Engineers, attorneys and city planners say neutral host provider Mobilitie is overseeing construction of small cell sites for Sprint across the country. A neutral host provider typically owns network infrastructure and leases it to wireless carriers, increasing revenue and profits by adding more than one carrier to a system. Mobilitie may be shouldering some of the capital cost of Sprint’s network build, but of course there is no free lunch for Sprint – the carrier will eventually have to pay for the infrastructure through an operating lease if it does not pay upfront.
Sprint’s lower capital spending projections for this year may also be a sign its Japanese parent SoftBank has decided to proceed more cautiously with the small cell build. Sprint said this week “more of the cash outlays related to network densification are expected to be incurred in fiscal year 2017.” Analyst Jennifer Fritzsche of Wells Fargo thinks the carrier’s initial timetable may have been overly aggressive.

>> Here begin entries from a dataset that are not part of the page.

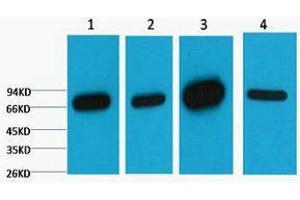 Western Blotting (WB) image for anti-Lamin B1 (LMNB1) antibody (ABIN3181108) (Lamin B1 Antikörper)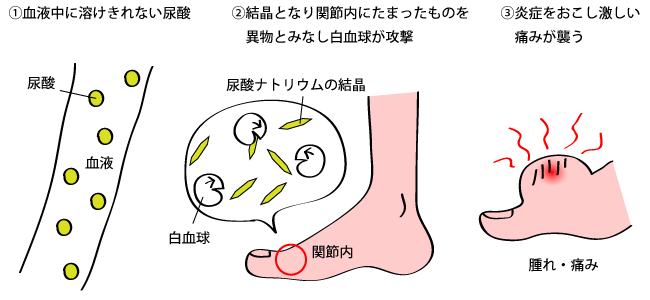 付け根 痛み の 指 の 足 の 足の指が痛い！痛む部位や症状別に足の指が痛む原因疾患について解説！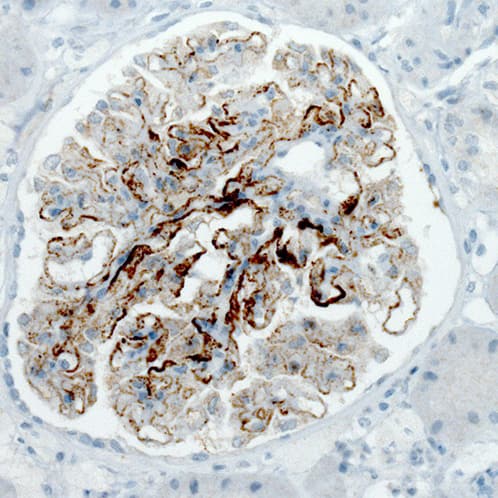 Staining of human kidney (idiopathic membranous nephropathy) shows strong membranous positivity in cells in glomeruli.
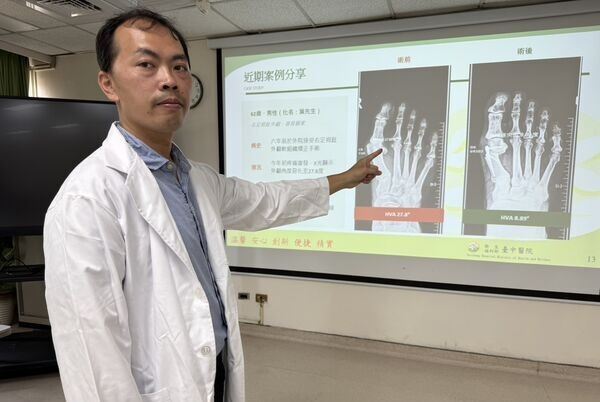62歲男拇指外翻復發，登山走到一半痛到受不了！醫師截骨矯正助他重返山林，體驗登山樂趣（圖／台中醫院提供）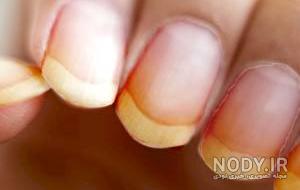 ژلیش ناخن طبیعی دخترانه ژلیش ناخن طبیعی دخترانه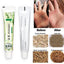 Zudaifu Cream Psoriasis Cream Skin Care Psoriasis Skin Dropshipping Dermatitis Eczematoid Eczema Ointment Treatment Care Cream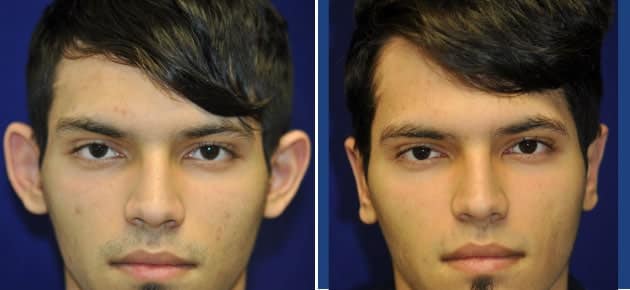 best-Otoplasty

“We believe this lower capex is more reflective of an overly optimistic rollout plan for the small cell initiative (and some zoning challenges its main vendor is running into),” Fritzsche wrote in a research note.

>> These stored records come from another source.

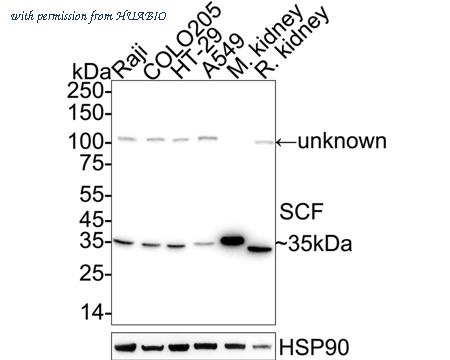 HUABIO ET1610-77 image 1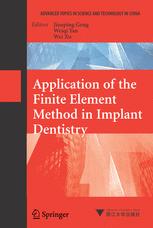 Application Of The Finite Element Method In Implant Dentistry 1st Edition N Krishnamurthy Auth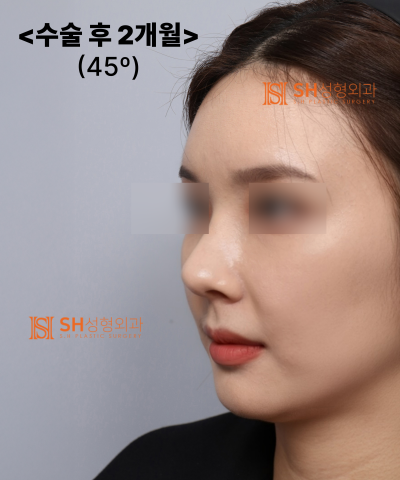 Nose that wanted alar reduction but shouldn't have! Why the nasal tip came first | SH Plastic Surgery 사진 35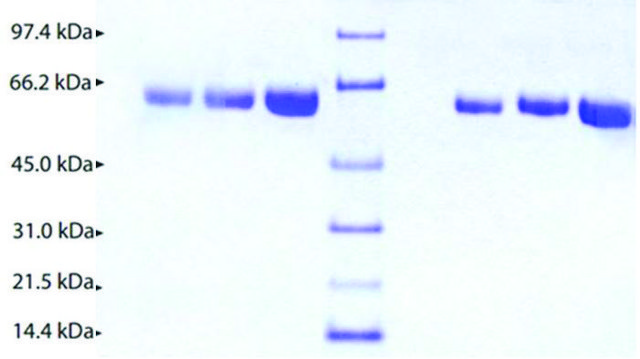 Alpha 2 Antiplasmin from human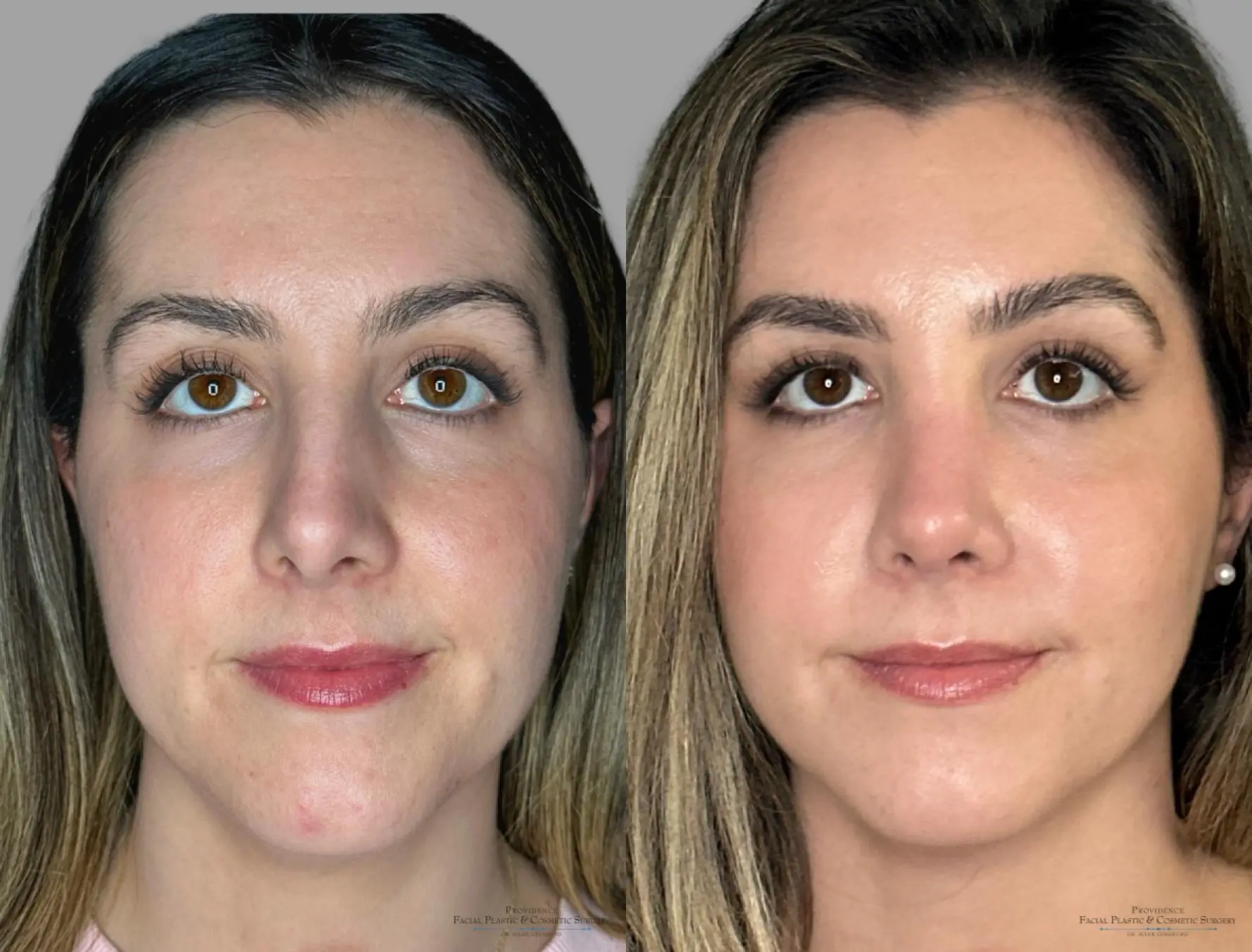 Rhinoplasty: Patient 40 - Before and After 1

Zoning challenges often come up when wireless service providers want to build new structures or attach to poles in public right of way. Mobilitie is classified as a competitive local exchange carrier in all 50 U.S. states, but this classification does not grant automatic access to the right of way. The company still has to apply for permits, and city governments will retaliate when their procedures are not followed.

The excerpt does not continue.